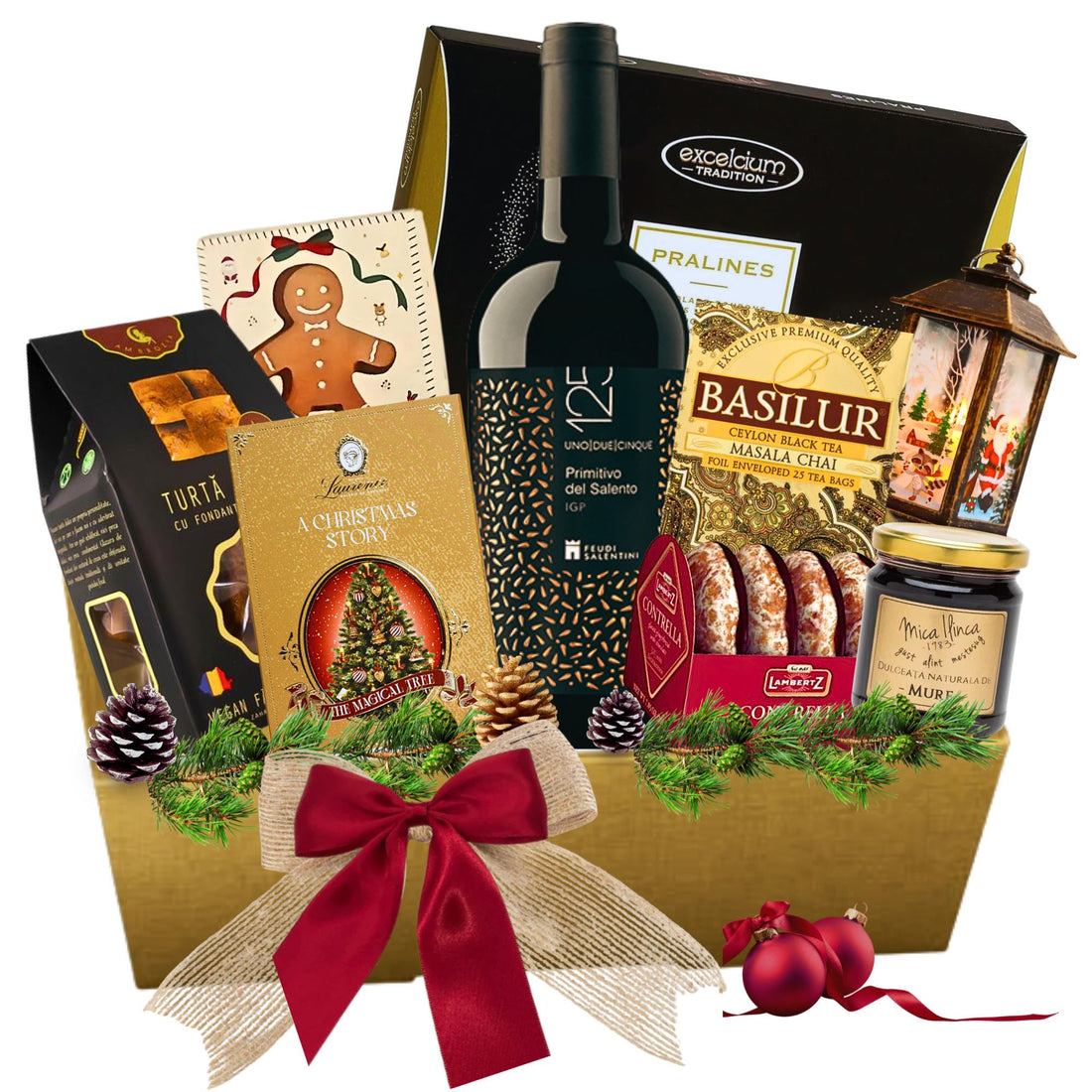 Cos cadou Primitivo Gold cu vin roșu, praline și selecție gourmet în prezentare festivă
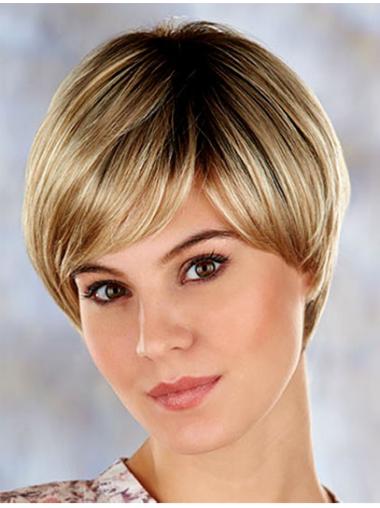 High Quality 7" Straight Blonde Layered Short Wigs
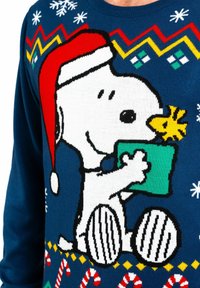 Knit sweater featuring a blue background, red accents, and a pattern of Snoopy holding a green gift. Includes white snowflakes and candy canes.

* Problem statement *
Return to the listing above and set it down exactly, leaving out its pictures.

* Written response *
 Cos cadou Primitivo Gold cu vin roșu, praline și selecție gourmet în prezentare festivă
 High Quality 7" Straight Blonde Layered Short Wigs
 Knit sweater featuring a blue background, red accents, and a pattern of Snoopy holding a green gift. Includes white snowflakes and candy canes.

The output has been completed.